After the first interview, I realize that I need a newspaper. The train station conversations occur on the ground, at the edge of tents, beside bed-rolls, on small blankets. I need something to sit on while we talk. Yesterday’s French newspaper, Le Monde, catches my eye and I pay the Hungarian clerk for my makeshift seat. 3,200 pairs of feet that have travelled from Syria to Turkey to Greece to Macedonia to Serbia and into Hungary or journeyed from Afghanistan, or originated in Pakistan transform this floor into a storyboard for a generation. These are the pages of human suffering and the unbreakable hope of the human spirit. This story is told to us by feet. So many feet.
Their stories. I have travelled for one month, by boat, by car, by bus, I walked 3 days from the Serbian border after we jumped the wall at night. My mother, my father and my sisters remain in Derzor (Syria) where the war began. I am their hope.’

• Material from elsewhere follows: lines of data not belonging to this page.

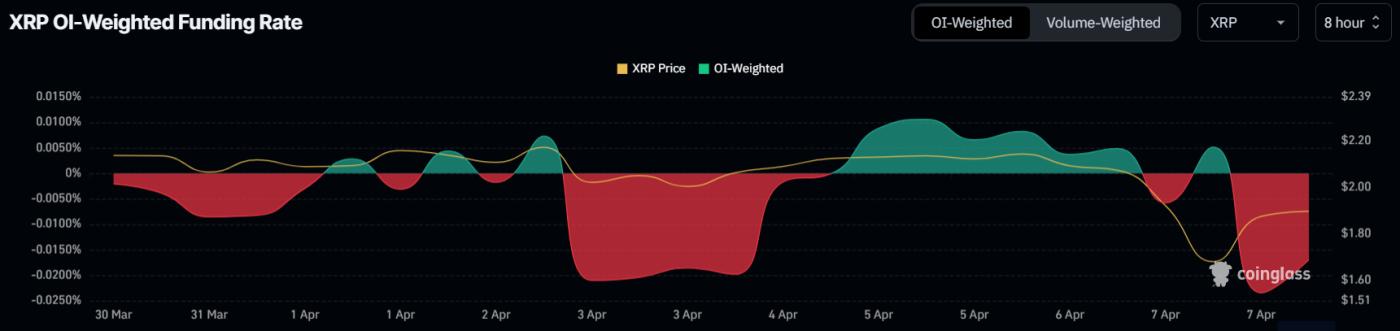 XRP Funding Rate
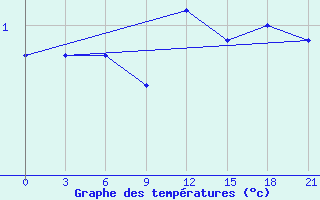 Courbe de tempratures pour Medvezegorsk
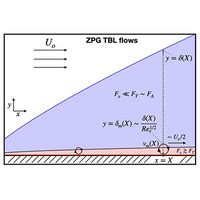 Phys Rev Fluids 8 084607 2023 Asymptotic Scaling Laws For The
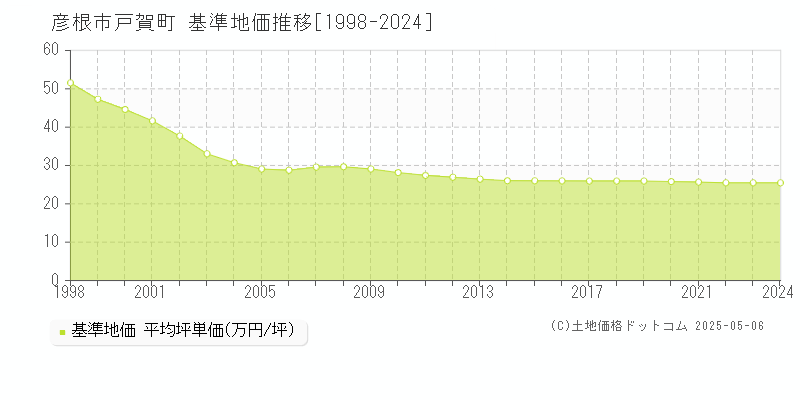 戸賀町(彦根市)の基準地価推移グラフ(坪単価)[1998-2024年]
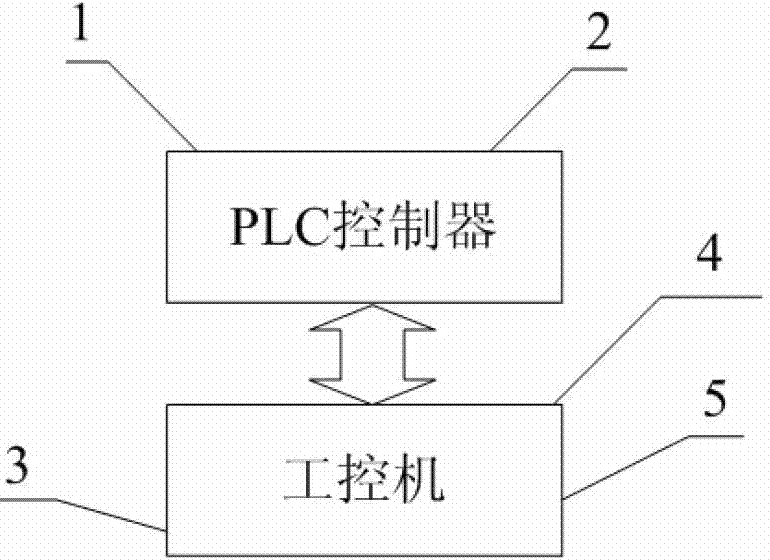 cn103513602a_一种精确时间轴的plc波形数据产生及存储方法有效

’We travelled from Damascus by boat with 50 people. The boat should only hold 25.’
‘We are newly married – just 21 days ago. She is 28, a teacher of physics. I am Muhammad, a mechanical engineer. We escaped from Syria because I should go into the military, but I have friends on both sides of the war. I don’t know who I am supposed to kill.’
‘My 3 children have not been in school for 4 years, since the war began. They asked me to take them away from our home in Elippo (Syria) so that they can go to school.
‘My husband has been missing for 2 years. I have 2 children. The airplanes bombed our house, so my father led our family out of Syria. But, we left my mother in Elippo. She has a heart problem and she cannot make this dangerous and long journey. I need a home for my children. I need a future.’
‘We have travelled for 45 days: 7 adults and 3 children. We paid a smuggler to take us part of the way. He took $1,200. We are here now. We used the last of our money to buy tickets to Germany. That was 5 days ago and we are still here, on this floor, waiting.’
Information vacuum. After a few conversations, one begins to gather that there is a gaping information deficit. The refugees in Budapest’s Keleti train station know why they left their homes, but they do not understand why they cannot continue their journey to freedom. Many of them have paid for train tickets to Germany or to Austria. Family members wait for them at these western European destinations. Nobody anticipated that finding freedom in the west would be as difficult as fleeing a war.
Temporary toilets occupy an outdoor corner and water hoses twist and turn throughout Keleti station delivering necessary hydration in the Hungarian heat. No showers. No place to fix a meal. For many, no roof above their heads. And no electricity, which means a lack of contact with the outside world. This information vacuum creates a perfect pipeline for news to spread from one mat to the next, but where the truth lies is anyone’s guess.
‘Why can’t we leave?’
‘Everybody comes and takes pictures, asks questions, writes stories, but there is no action. We are still here. We are here for 5 days now.’
At one mat, I am told that several men were taken away and beaten. At another mat, I hear that a train came today (Thursday morning) and people got on believing they were going to Austria. Instead, the train stopped at one of Hungary’s refugee camps and the people refused to get off. It led to a heated skirmish with authorities.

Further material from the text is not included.